I'm wondering if I add some of my oil based extracts to a 7 minute frosting if it will end in disaster? I believe so, but you know there is meringue buttercreams where fat is added to the whipped egg whites and it eventually comes together, but is it the same with a teaspoon of an extract? Will it curdle and end up in the sink instead of on a cake?

Also, can you add pumpkin puree to 7 minute? Strawberry puree? White chocolate, milk chocolate? Citrus juice? Powdered milk? Peanut butter? Lemon curd? What about making it with whole eggs instead of just the whites?

And what if I added butter one Tablespoon of butter at a time, would it turn into a meringue buttercream? I have made meringue buttercreams before and I don't like how it tastes like your eating a stick of butter, but I'm just curious. I really need to experiment. Would love to hear what you have to say! Thanks


----------



## vohrtex (Apr 21, 2009)

Adding butter to at the end is pretty much how a swiss meringue buttercream works, as long as you do it off of the heat and let it cool a bit first. I believe, and someone might correct me, that the butter in a buttercream has never actually melted, just really softened. So the liquid of an oil extract might react differently. Best bet would be to try it. The worst thing you do is sacrifice 2 or 3 egg whites and some sugar.

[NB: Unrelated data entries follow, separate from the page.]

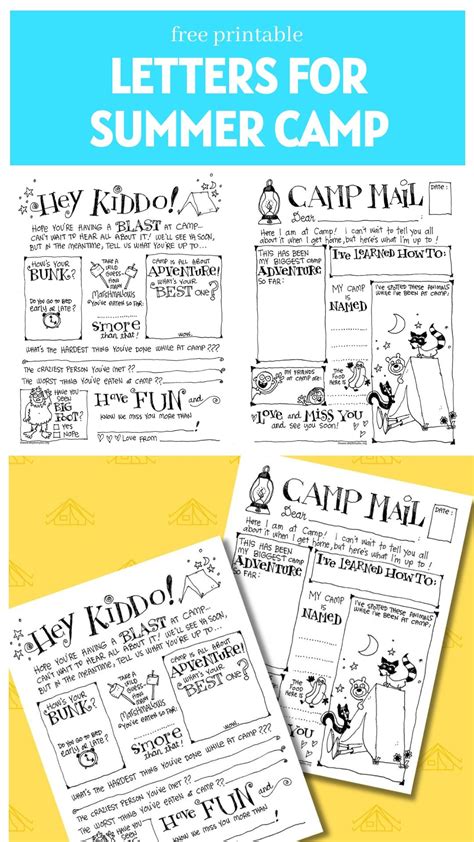 Printable Letters From Camp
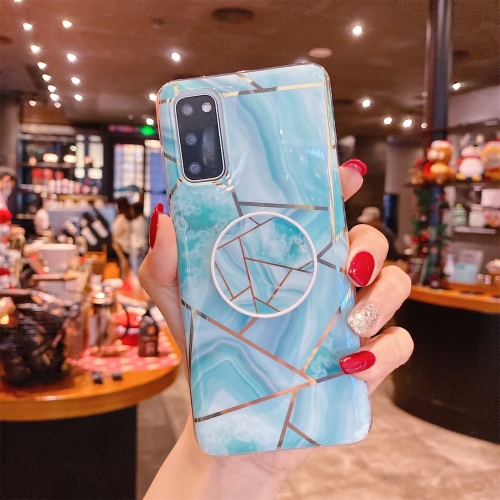 For Samsung Galaxy A31 Splicing Marble Pattern Gilding TPU Protective Case with Foldable Holder(Green)
For Samsung Galaxy A31 Splicing Marble Pattern Gilding TPU Protective Case with Foldable Holder(Green)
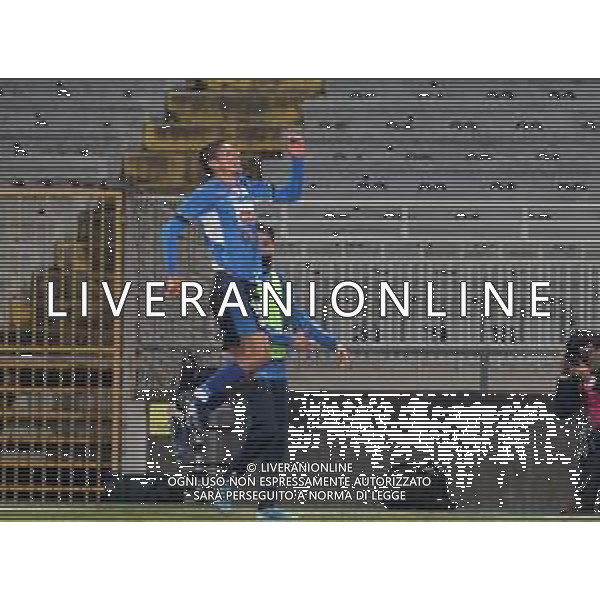 Novara 10-11-2019 Stadio Silvio Piola- Campionato Lega Pro Gir A - 14° giornata Novara-Como nella foto: Bortolussi Mattia esultanza foto Antonio Saia - Ag. Aldo Liverani sas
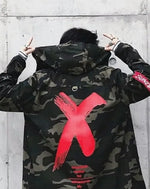 Load image into Gallery viewer, Men’s Camouflage Techwear Hooded Jacket - Clothing Men Women
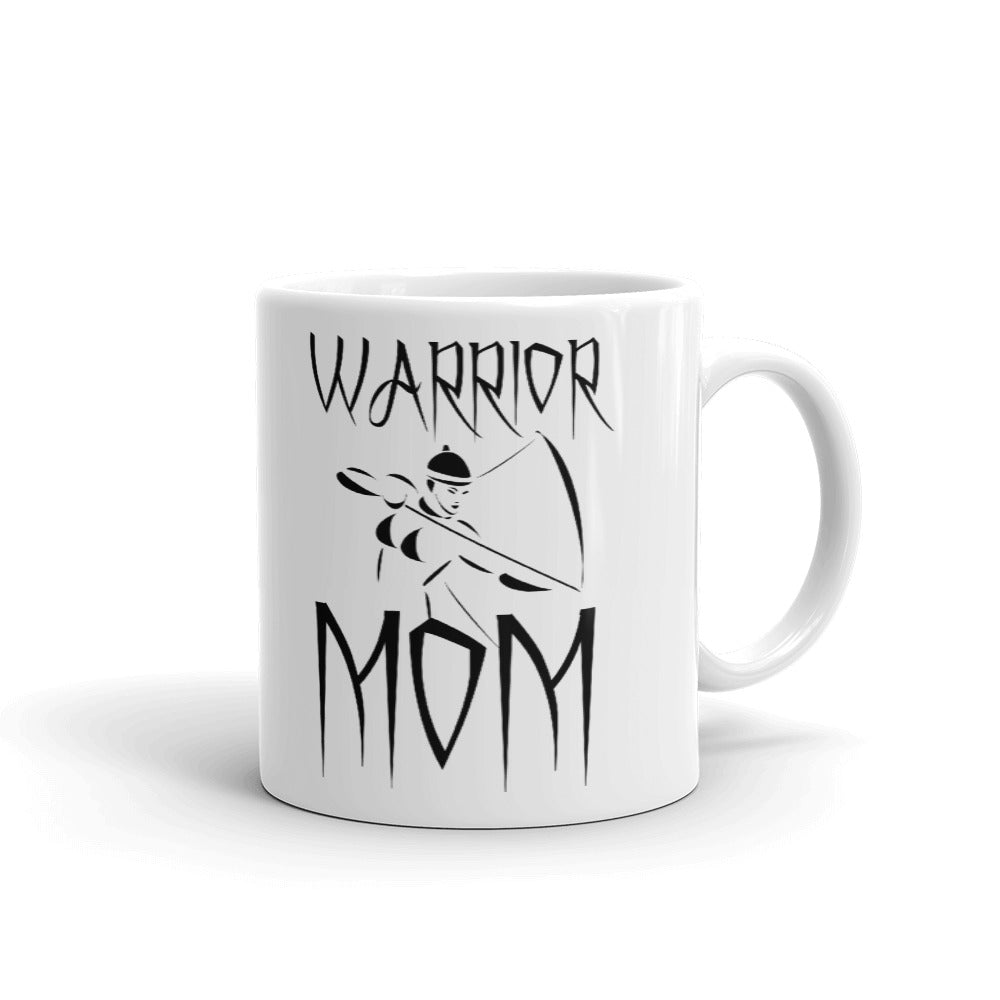 Warrior Mom Unique Cup Gift Coffee Tea Ceramic Mug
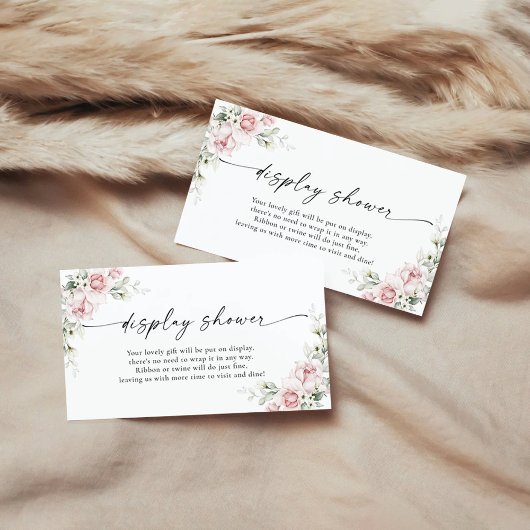 Blush Pink Roses Display Douche Behuizing Kaart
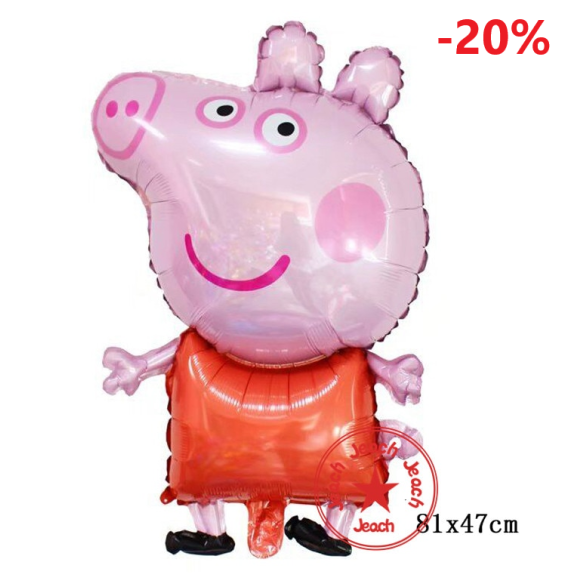 Шар(30"/78см)Фигура,Свинка Пепа Супер, Китай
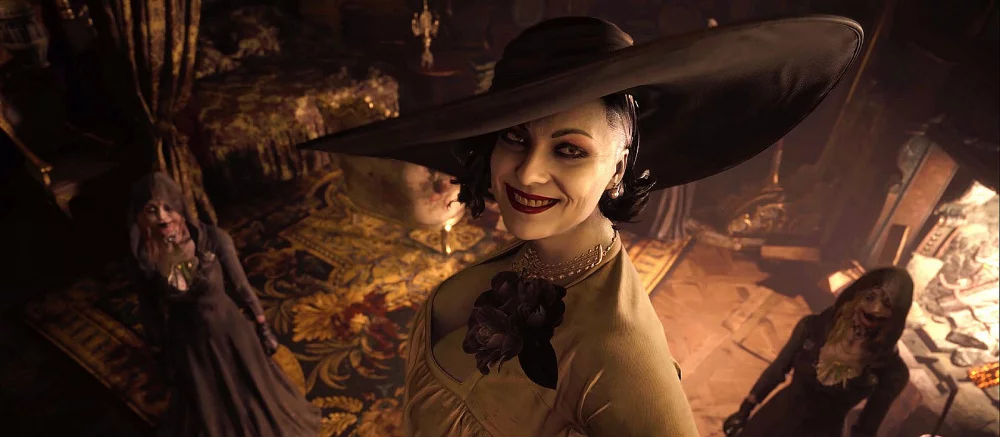 Женщина, ставшая прообразом леди Димитреску в RE Village, показала новый косплей своей героини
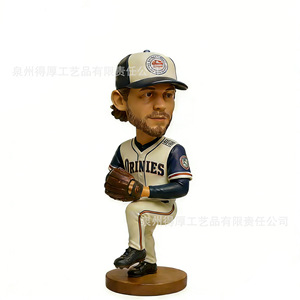 <b>Custom</b> Baseball Bobblehead <b>Doll</b> Resin Figurine Sports Athlete Model Ivory White Digital Printing Decorations - Product Image 1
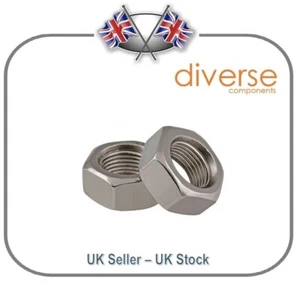 A2/304 Stainless Steel Left Hand/Reverse Thread Nuts DIN934 - Picture 1 of 1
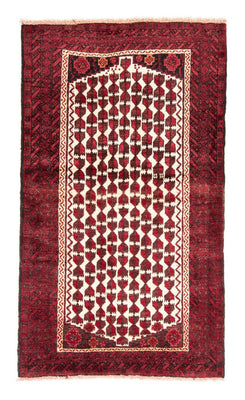 Tapis de couloir Tapis Belutsch - 185 x 102 cm - rouge foncé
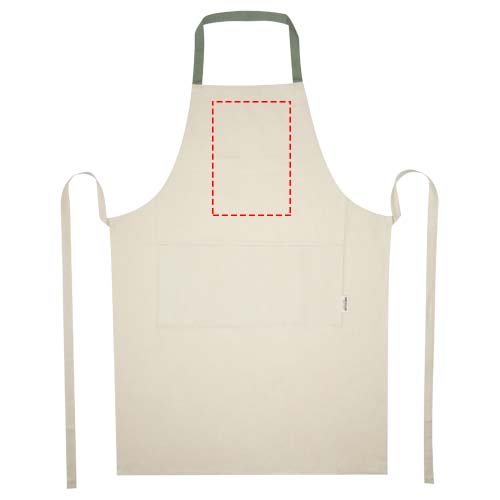 Nia 200 g/m² recycled cotton apron 4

As for buttercreams, there are many different recipes. Look for something less intense. I hate the style of Magnolia Bakery, which does taste like sugar and butter. it makes my teeth hurt. But there are much "softer" recipes. I like the this one from Martha, which you can easily halve: http://www.marthastewart.com/recipe/meringue-buttercream-frosting-for-buttercream-flowers

The great thing about buttercream is you can add all the things you want (purees, melted chocolate, peanut butter) more easily than you can to a 7 minute frosting. Chocolate can just be mixed into buttercream in the kitchenaid, while with the 7 minute you are making a chocolate meringue, which requires a much more delicate folding.

Did I help?


----------